Now create a computed column:
ALTER TABLE Sales.SalesOrderDetail ADD cc AS OrderQty * UnitPrice
Run the previous SELECT statement again and note that, this time, the estimated number of rows has changed to 84.3101 which is very close to the actual number of rows returned by the query, as shown in the following plan:
You can optionally test replacing the 25,000 in the query with some other values, like 1,000, 10,000, or 20,000 and verify that the estimated again will be close to the actual number of rows returned.
Note that creating the computed column does not create statistics; these statistics are created the first time that the query is optimized, and you can run the next query to display the information about the statistics objects for the Sales.SalesOrderDetail table:
SELECT * FROM sys.stats WHERE object_id = object_id('Sales.SalesOrderDetail')
The newly created statistics object will most likely be at the end of the list. Copy its name and use the following command to display the details about the statistics object (I’ve used the name of my local object, but you should replace that as appropriate). You can also use "cc" as the name of the object to get the same results. In both cases, the "cc" column should be shown on the Columns field in the density section.
DBCC SHOW_STATISTICS ('Sales.SalesOrderDetail', _WA_Sys_0000000C_2645B050)
Unfortunately, for the automatic matching feature to work, the expression must be exactly the same as the computed column definition.
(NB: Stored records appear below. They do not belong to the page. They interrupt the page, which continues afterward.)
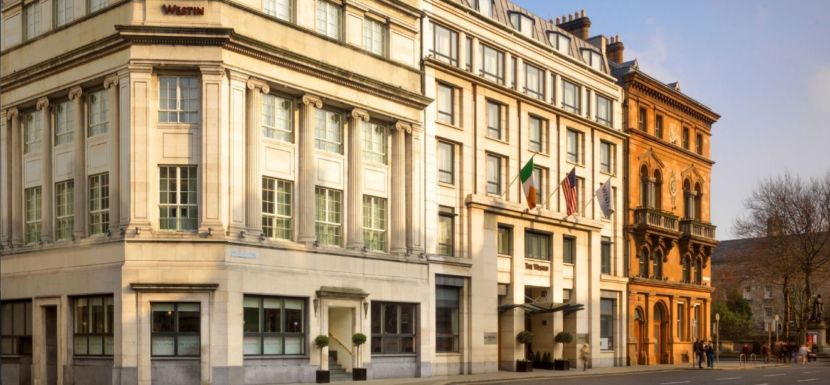 The historic exterior of the Westin Dublin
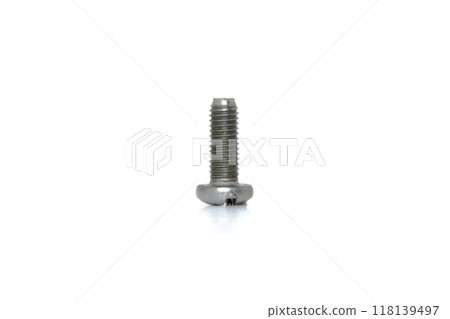 silver screw isolated on white background. High quality photo 118139497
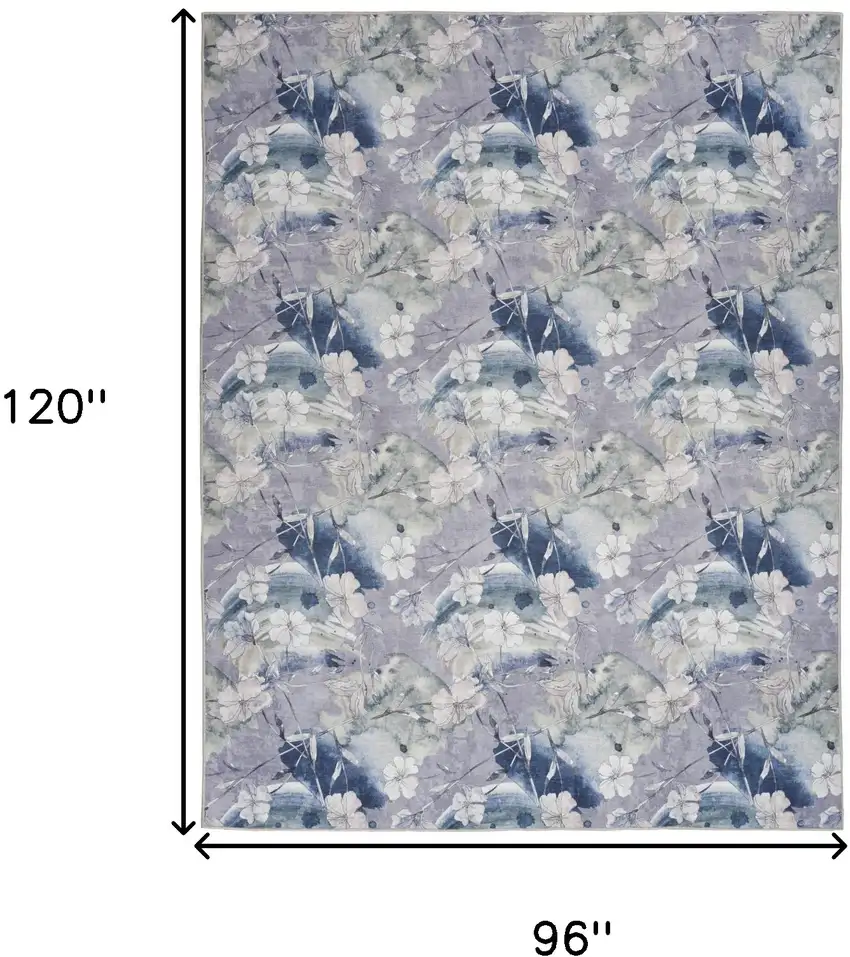 Ivory Blue and Gray Floral Power Loom Washable Non Skid Area Rug Photo 9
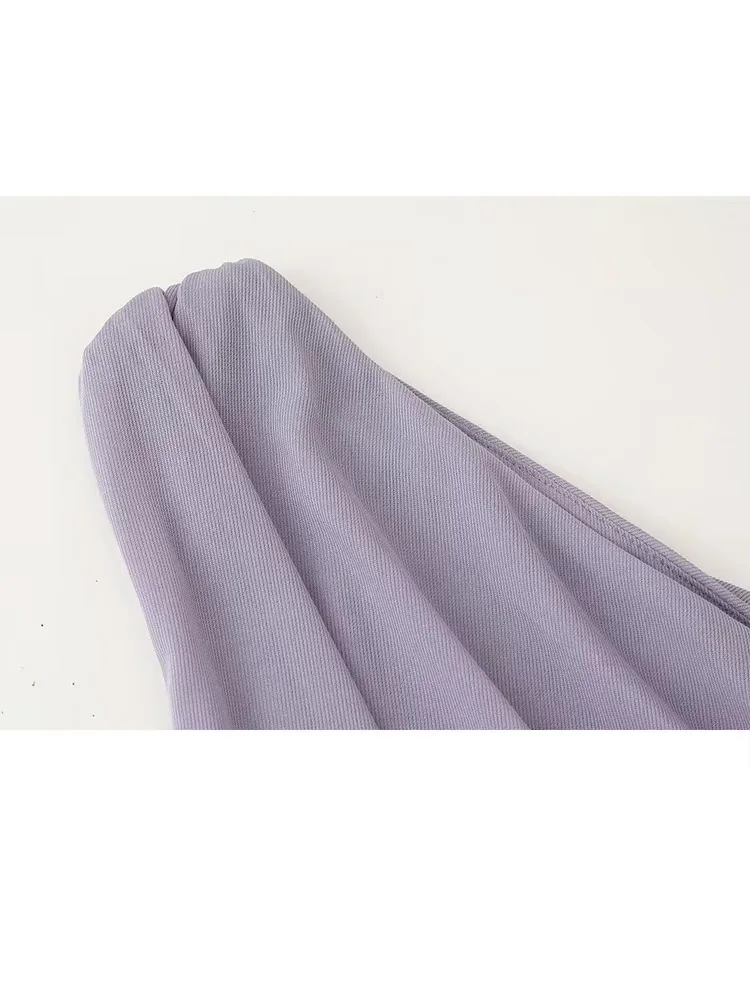 HH الصيف المرأة موضة جديدة عدم التماثل أضعاف الديكور أكمام عارية الذراعين البنطال القصير منتصف الخصر عادية الصلبة تول تنورة دعوى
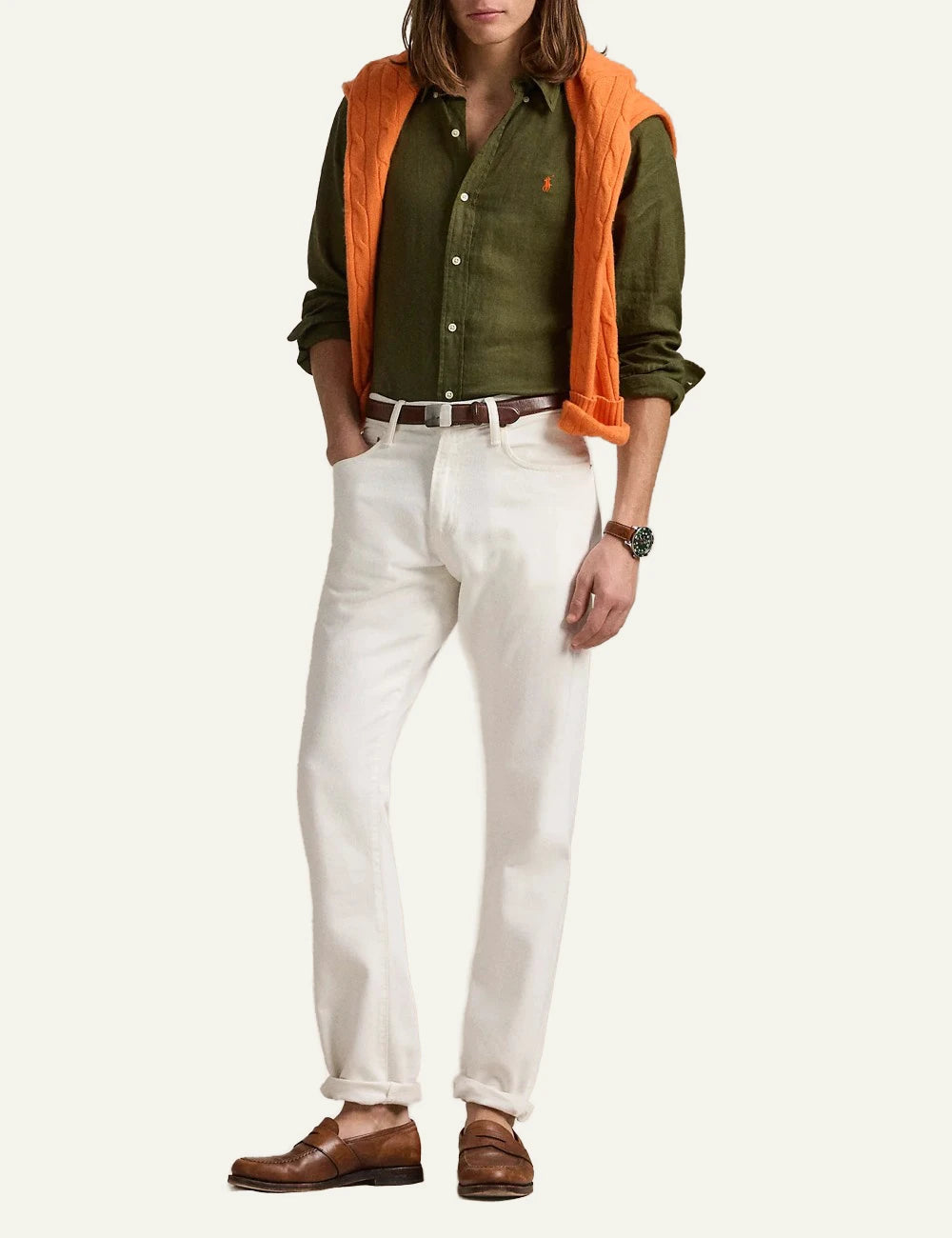 polo ralph lauren linen shirt khaki long sleeve button down pony logo front full body view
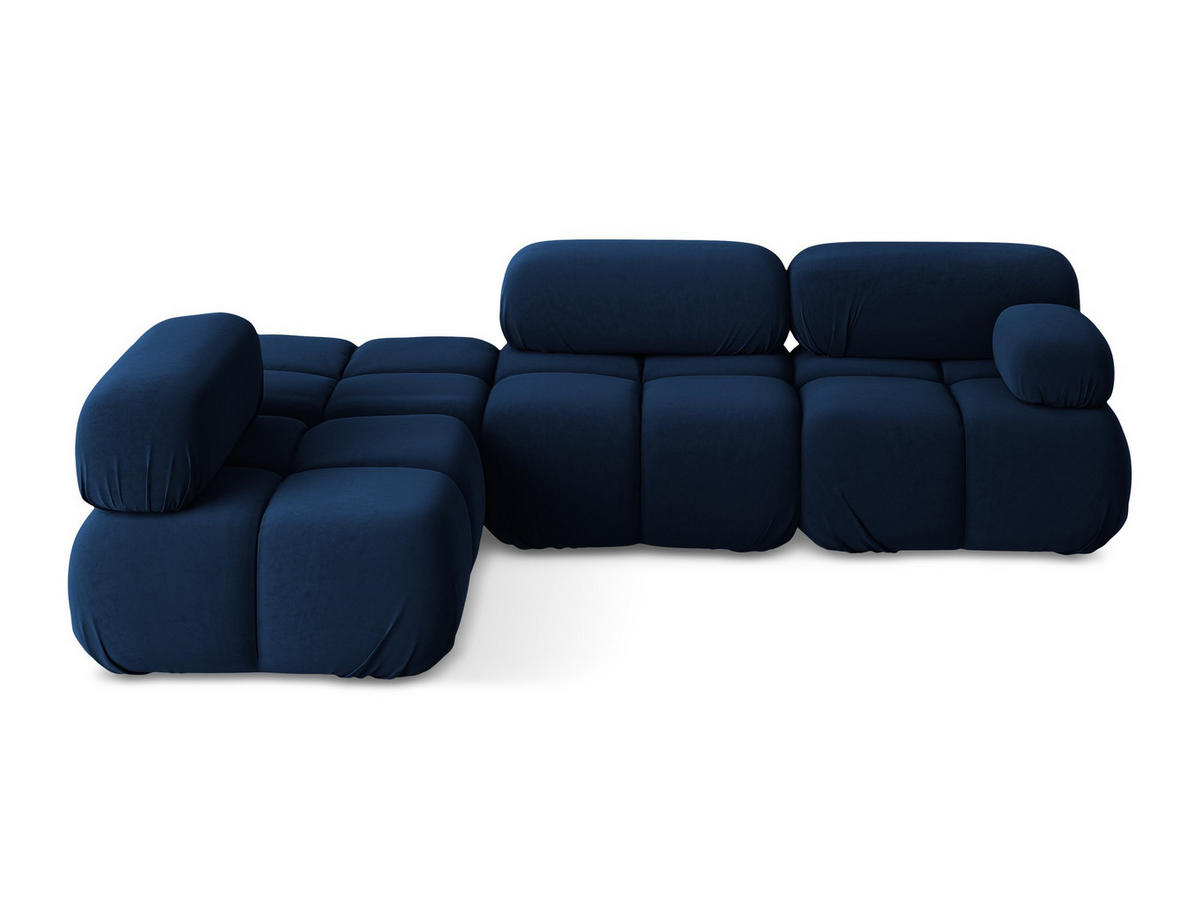 ECKSOFA Links Samt Stoff Blau - Blau/Schwarz, Kunststoff/Textil (190/285cm) - Makamii
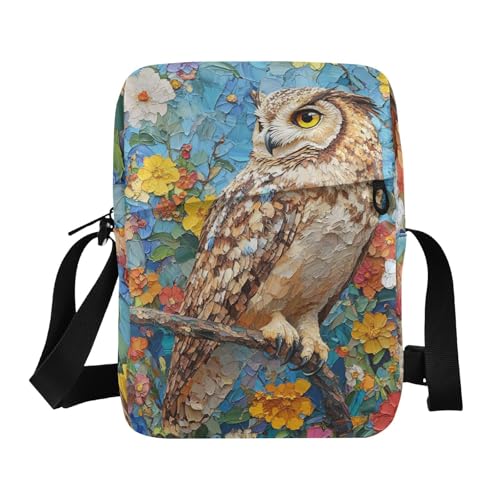 Owl Flowers messenger bags Crossbody Bags For Women Casual Everyday Purse Adjustable Strap for Casual work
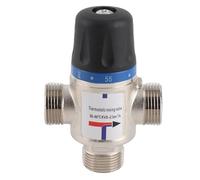 Thermostatic Mixing Valve, 3 Way Water Temperature Control Valve, Automatic Cut Off Safety Device with Large Flux for Hot and Cold Water, Brass Electroplated ABS Material fo (G3/4")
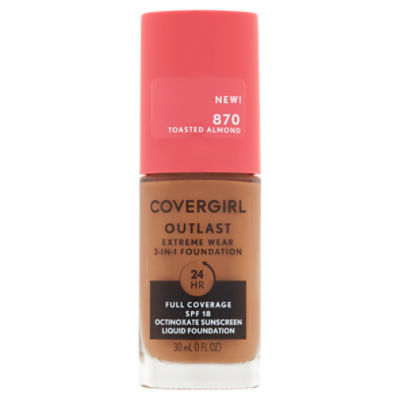 Covergirl 870 Toasted Almond Outlast Extreme Wear 3-in-1 Foundation, SPF 18, 1 fl oz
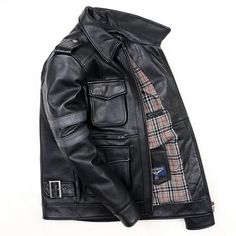 If you love to infuse a motorcycle-style twist into your look, consider this men's street jacket. Crafted from cow leather, it exudes charm. Adorned with pockets and zippers, this Korean-style jacket complements any outfit. Ideal for casual occasions, grab yours now while it's in stock to effortlessly upgrade your look. Specifications Brand Name: GeraldBlackOrigin: Mainland ChinaCN: ZhejiangApplicable Season: Autumn And WinterMaterial: Cow LeatherThickness: STANDARDLining Material: COTTONApplicable Scene: CasualStyle: KoreanOuterwear Type: Leather & SuedeDecoration: PocketsDecoration: ZippersClothing Length: RegularGender: MENPlace Of Origin: China (Mainland)Detachable Part: NONEType: SlimCollar: Turn-down CollarClosure Type: zipperHooded: NoPattern Type: SolidSleeve Length(cm): Fullsize: Leather Biker Jacket For Winter Urban Adventures, Winter Leather Biker Jacket With Stand Collar, Masculine Winter Leather Jacket With Pockets, Leather Outerwear With Pockets For Urban Adventures, Leather Biker Jacket With Pockets For Outdoor, Long Sleeve Biker Leather Jacket For Outdoor, Leather Biker Jacket With Pockets For Events, Black Leather Jacket With Multiple Pockets For Fall, Leather Motorcycle Jacket With Pockets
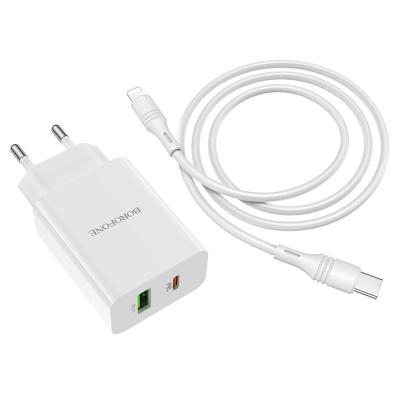 Сетевое зарядное устройство BOROFONE BA56A Lavida 1xUSB + 1xUSB-C с Кабелем Type-C - Lightning, 3.0A, 18W, белый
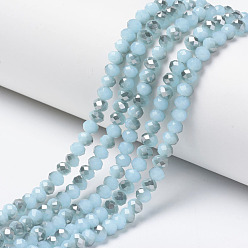Light Blue Electroplate Glass Beads Strands, Imitation Jade, Half Gray Plated, Faceted, Rondelle, Light Blue, 2x1.5mm, Hole: 0.4mm, about 195pcs/strand, 11 inch(27.5cm)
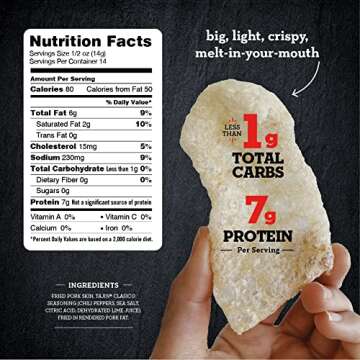 4505 Meats Tajin, Chicharrones, Fried Pork Rinds, Keto Certified, Family Size Bag, 14 Servings, 7 Ounce Bag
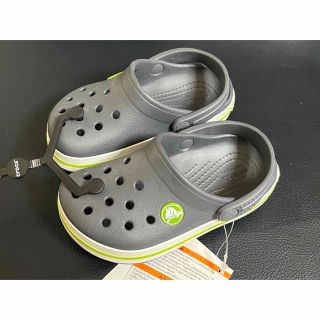 クロックス(crocs)のクロックス クロックバンド キッズ C8 15.5cm グレー グリーン(サンダル)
So, if I change the query to UnitPrice * OrderQty, instead of OrderQty * UnitPrice, the execution plan will show an estimated number of rows of 30% again, as this query will demonstrate:
SELECT * FROM Sales.SalesOrderDetail WHERE UnitPrice * OrderQty > 25000
As mentioned, the computed column provides statistics so the Query Optimizer can try to get you a better execution plan. In addition, you can create an index on the existing computed column to provide a better navigational alternative. Create the following index
CREATE INDEX IX_cc on Sales.SalesOrderDetail(cc)
By running the original SELECT statement again the Query Optimizer will now choose the newly created index and will produce a more efficient plan using an Index Seek/Key Lookup instead of a Clustered Index Scan, as shown next.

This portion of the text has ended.